Nasional – KLHK atau Kementerian Lingkungan Hidup dan Kehutanan mencatat tahun ini pada periode yang sama dari pantauan Satelit Terra/Aqua ada penurunan sebanyak 4.623 titik panas atau hotspot atau 59,38% dibanding 2023.
Jumlah hotspot paada 2024 periode 1 Januari sampai 10 Oktober sebanyak 3.163 titik sedangkan pada 2023 sebanyak 7.786 titik.
Pada periode 1 Januari hingga 30 September 2024, jumlah luas kebakaran hutan dan lahan (karhutla) mencapai 283.620,51 hektare (ha). Angka ini mencakup lahan gambut seluas 25.193,57 hektare (8,88%) dan tanah mineral seluas 258.426,94 hektare (91,12%). Provinsi dengan area terbakar terbesar adalah Nusa Tenggara Timur dengan 93.572,19 hektare pada tanah mineral, diikuti oleh Nusa Tenggara Barat dengan 34.430,48 hektare , dan Jawa Timur dengan 18.822,62 hektare , semuanya juga terjadi di tanah mineral.
Karhutla sebagian besar terjadi di lahan tidak berhutan dengan luas 252.320,33 hektare (88,96%), sementara lahan berhutan yang terbakar mencapai 31.300,18 hektare (11,04%). Karhutla dari 1 Januari hingga 30 September 2024 menghasilkan emisi karbon sebesar 41.201.963 ton CO2e. Emisi ini terdiri dari 11.589.698 ton CO2e yang berasal dari kebakaran lahan gambut (bawah tanah) dan 29.612.265 ton CO2e dari kebakaran lahan mineral serta gambut (biomassa di atas tanah).

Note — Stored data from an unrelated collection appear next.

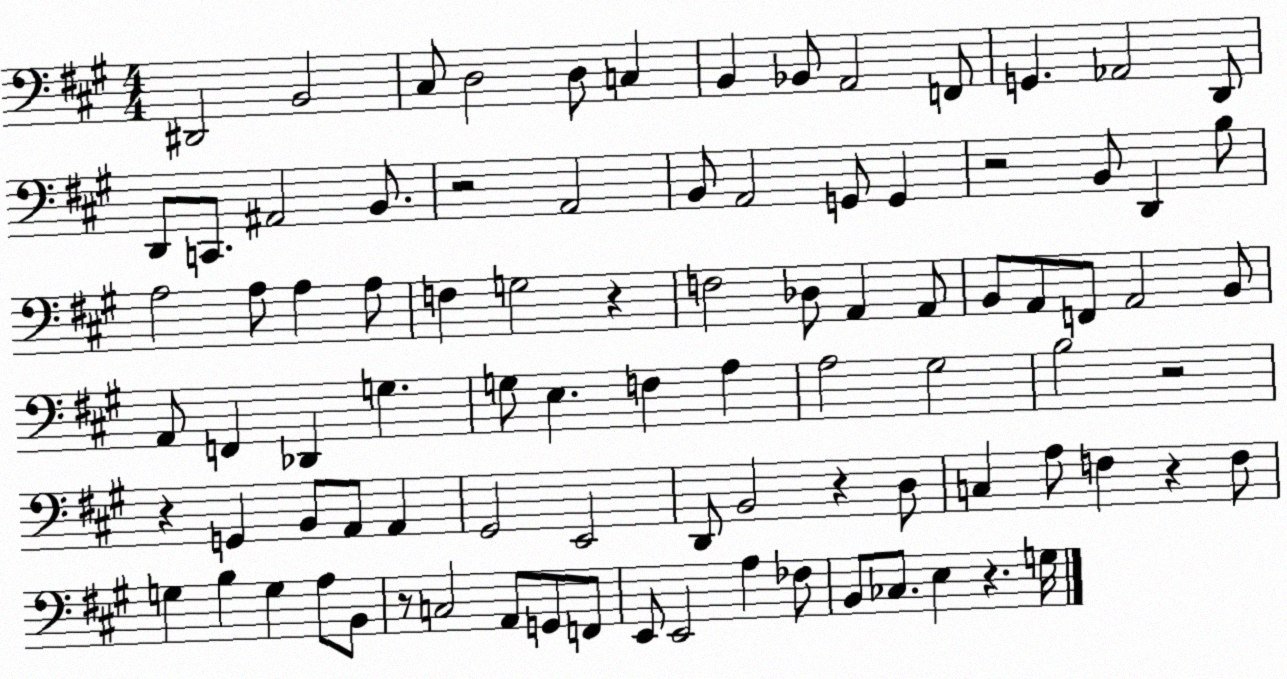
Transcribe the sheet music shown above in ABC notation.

X:1
T:Untitled
M:4/4
L:1/4
K:A
^D,,2 B,,2 ^C,/2 D,2 D,/2 C, B,, _B,,/2 A,,2 F,,/2 G,, _A,,2 D,,/2 D,,/2 C,,/2 ^A,,2 B,,/2 z2 A,,2 B,,/2 A,,2 G,,/2 G,, z2 B,,/2 D,, B,/2 A,2 A,/2 A, A,/2 F, G,2 z F,2 _D,/2 A,, A,,/2 B,,/2 A,,/2 F,,/2 A,,2 B,,/2 A,,/2 F,, _D,, G, G,/2 E, F, A, A,2 ^G,2 B,2 z2 z G,, B,,/2 A,,/2 A,, ^G,,2 E,,2 D,,/2 B,,2 z D,/2 C, A,/2 F, z F,/2 G, B, G, A,/2 B,,/2 z/2 C,2 A,,/2 G,,/2 F,,/2 E,,/2 E,,2 A, _F,/2 B,,/2 _C,/2 E, z G,/4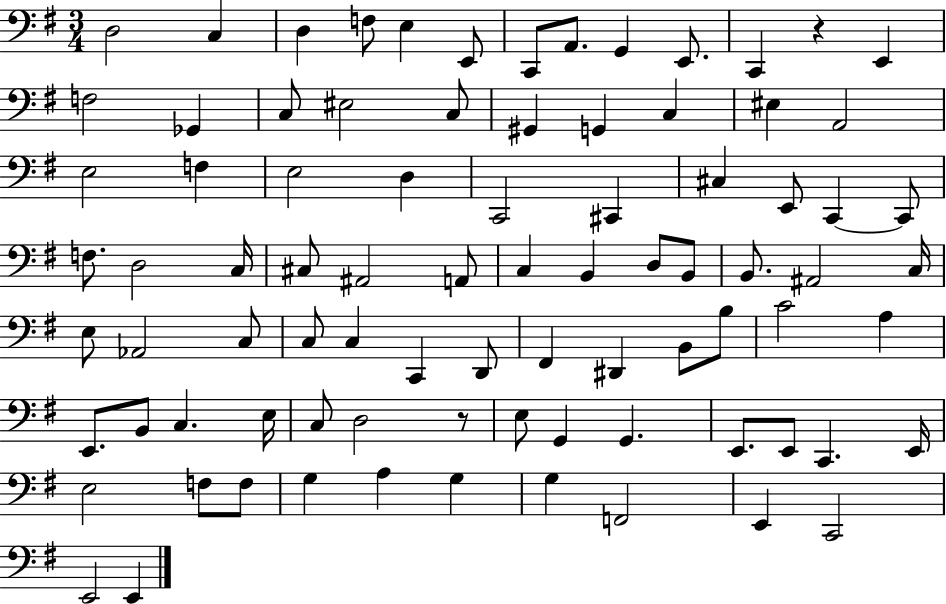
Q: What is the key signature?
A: G major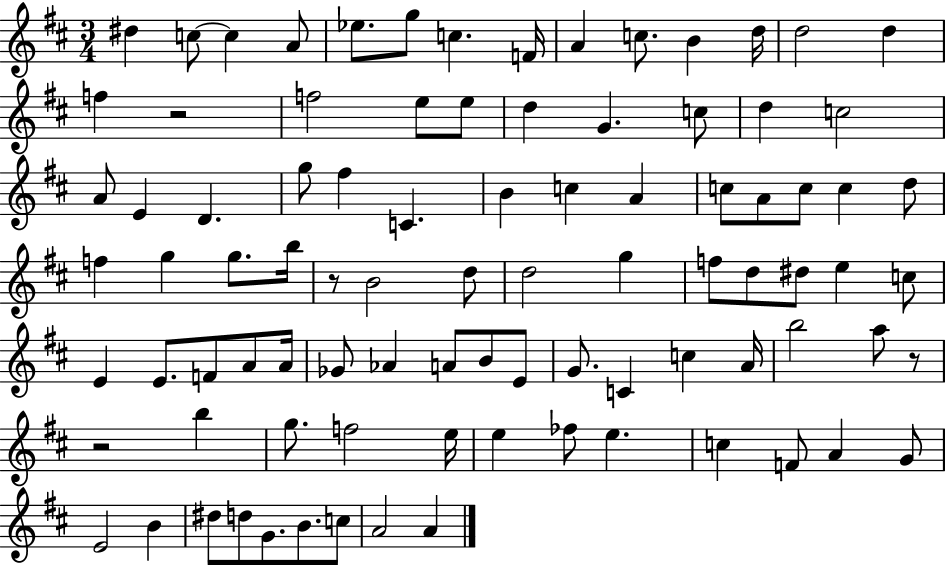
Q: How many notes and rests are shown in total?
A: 90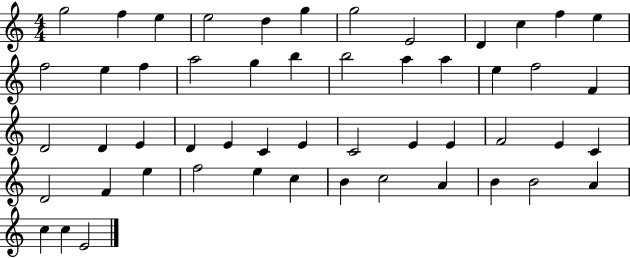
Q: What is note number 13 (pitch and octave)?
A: F5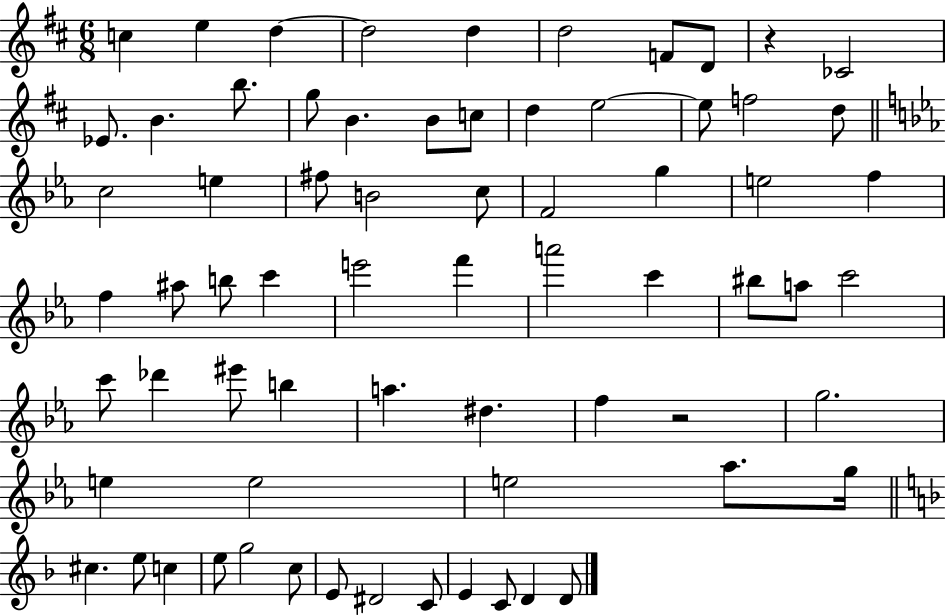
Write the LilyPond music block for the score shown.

{
  \clef treble
  \numericTimeSignature
  \time 6/8
  \key d \major
  c''4 e''4 d''4~~ | d''2 d''4 | d''2 f'8 d'8 | r4 ces'2 | \break ees'8. b'4. b''8. | g''8 b'4. b'8 c''8 | d''4 e''2~~ | e''8 f''2 d''8 | \break \bar "||" \break \key ees \major c''2 e''4 | fis''8 b'2 c''8 | f'2 g''4 | e''2 f''4 | \break f''4 ais''8 b''8 c'''4 | e'''2 f'''4 | a'''2 c'''4 | bis''8 a''8 c'''2 | \break c'''8 des'''4 eis'''8 b''4 | a''4. dis''4. | f''4 r2 | g''2. | \break e''4 e''2 | e''2 aes''8. g''16 | \bar "||" \break \key f \major cis''4. e''8 c''4 | e''8 g''2 c''8 | e'8 dis'2 c'8 | e'4 c'8 d'4 d'8 | \break \bar "|."
}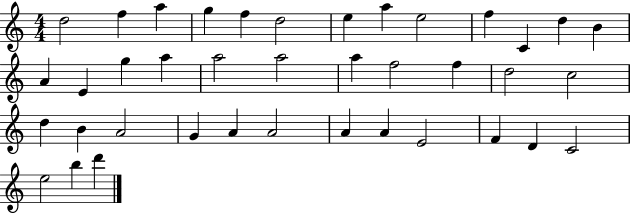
D5/h F5/q A5/q G5/q F5/q D5/h E5/q A5/q E5/h F5/q C4/q D5/q B4/q A4/q E4/q G5/q A5/q A5/h A5/h A5/q F5/h F5/q D5/h C5/h D5/q B4/q A4/h G4/q A4/q A4/h A4/q A4/q E4/h F4/q D4/q C4/h E5/h B5/q D6/q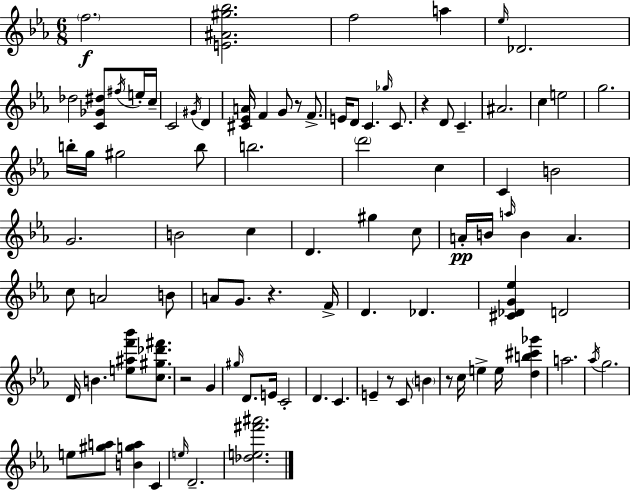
F5/h. [E4,A#4,G#5,Bb5]/h. F5/h A5/q Eb5/s Db4/h. Db5/h [C4,Gb4,D#5]/e F#5/s E5/s C5/s C4/h G#4/s D4/q [C#4,Eb4,A4]/s F4/q G4/e R/e F4/e. E4/s D4/e C4/q. Gb5/s C4/e. R/q D4/e C4/q. A#4/h. C5/q E5/h G5/h. B5/s G5/s G#5/h B5/e B5/h. D6/h C5/q C4/q B4/h G4/h. B4/h C5/q D4/q. G#5/q C5/e A4/s B4/s A5/s B4/q A4/q. C5/e A4/h B4/e A4/e G4/e. R/q. F4/s D4/q. Db4/q. [C#4,Db4,G4,Eb5]/q D4/h D4/s B4/q. [E5,A#5,F6,Bb6]/e [C5,G#5,Db6,F#6]/e. R/h G4/q G#5/s D4/e. E4/s C4/h D4/q. C4/q. E4/q R/e C4/e B4/q R/e C5/s E5/q E5/s [D5,B5,C#6,Gb6]/q A5/h. Ab5/s G5/h. E5/e [G#5,A5]/e [B4,G5,A5]/q C4/q E5/s D4/h. [Db5,E5,F#6,A#6]/h.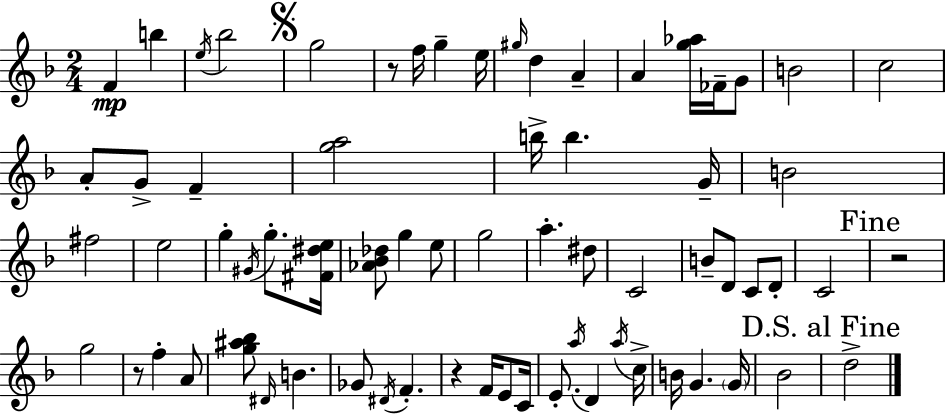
F4/q B5/q E5/s Bb5/h G5/h R/e F5/s G5/q E5/s G#5/s D5/q A4/q A4/q [G5,Ab5]/s FES4/s G4/e B4/h C5/h A4/e G4/e F4/q [G5,A5]/h B5/s B5/q. G4/s B4/h F#5/h E5/h G5/q G#4/s G5/e. [F#4,D#5,E5]/s [Ab4,Bb4,Db5]/e G5/q E5/e G5/h A5/q. D#5/e C4/h B4/e D4/e C4/e D4/e C4/h R/h G5/h R/e F5/q A4/e [G5,A#5,Bb5]/e D#4/s B4/q. Gb4/e D#4/s F4/q. R/q F4/s E4/e C4/s E4/e. A5/s D4/q A5/s C5/s B4/s G4/q. G4/s Bb4/h D5/h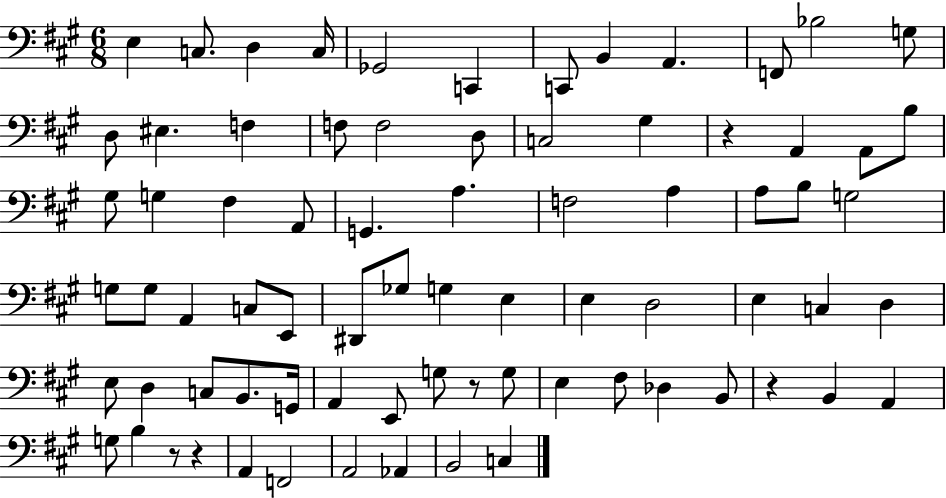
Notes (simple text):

E3/q C3/e. D3/q C3/s Gb2/h C2/q C2/e B2/q A2/q. F2/e Bb3/h G3/e D3/e EIS3/q. F3/q F3/e F3/h D3/e C3/h G#3/q R/q A2/q A2/e B3/e G#3/e G3/q F#3/q A2/e G2/q. A3/q. F3/h A3/q A3/e B3/e G3/h G3/e G3/e A2/q C3/e E2/e D#2/e Gb3/e G3/q E3/q E3/q D3/h E3/q C3/q D3/q E3/e D3/q C3/e B2/e. G2/s A2/q E2/e G3/e R/e G3/e E3/q F#3/e Db3/q B2/e R/q B2/q A2/q G3/e B3/q R/e R/q A2/q F2/h A2/h Ab2/q B2/h C3/q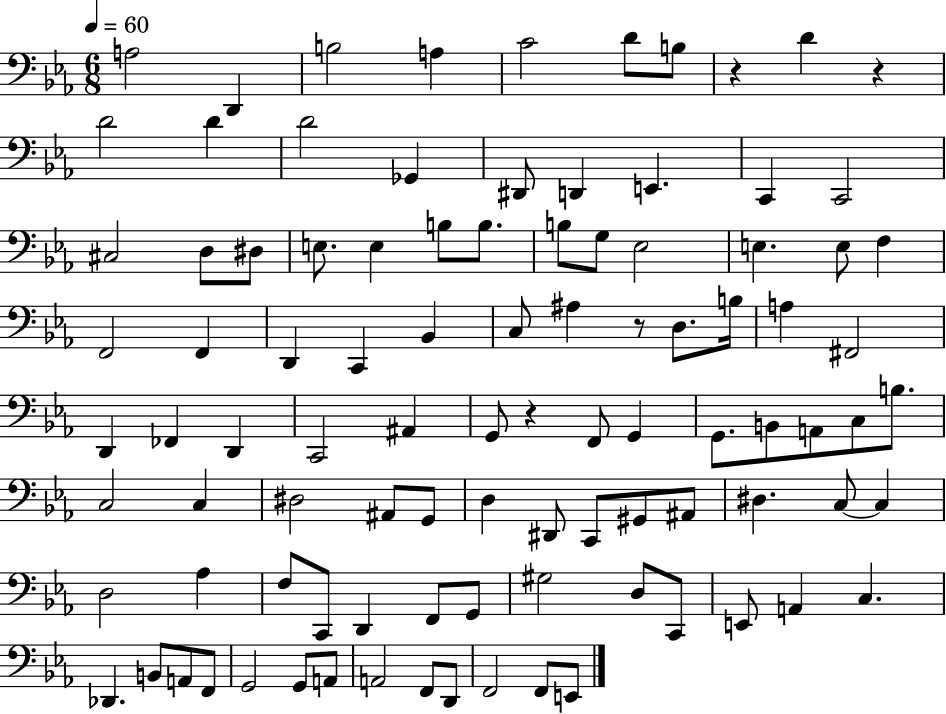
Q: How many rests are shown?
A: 4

“KLHK terus mengoptimalkan upaya pengendalian kebakaran hutan dan lahan (karthula) pada wilayah-wilayah rawan dengan meningkatkan upaya pencegahan terutama di wilayah yang belum memasuki musim kemarau,” ujar Direktur Pengendalian Kebakaran Hutan dan Lahan Thomas Nifinluri dikutip dari Antara, Jumat (11/10/2024).
Dikatakan Thomas, saat ini masih ada delapan provinsi berstatus siaga darurat karhutla.
“Untuk meningkatkan kesiapsiagaan dan memaksimalkan penggunaan sumber daya dalam pengendalian kebakaran hutan dan lahan (karhutla), hingga saat ini sudah ada delapan provinsi yang menetapkan status siaga darurat karhutla, yaitu Provinsi Riau, Sumatera Selatan, Nusa Tenggara Barat, Jambi, Kalimantan Timur, Kalimantan Barat, Nusa Tenggara Timur, dan Kalimantan Selatan,” ujar Thomas.
Pada provinsi-provinsi rawan tersebut telah dioptimalkan upaya pengendalian karhutla meliputi upaya pencegahan seperti deteksi dini titik panas, patroli pencegahan oleh Manggala Agni, bersama dengan TNI, Polri, dan masyarakat, sosialisasi kepada masyarakat, pembentukan Masyarakat Peduli Api (MPA), operasi modifikasi cuaca, water bombing, patroli udara, dan penataan ekosistem gambut.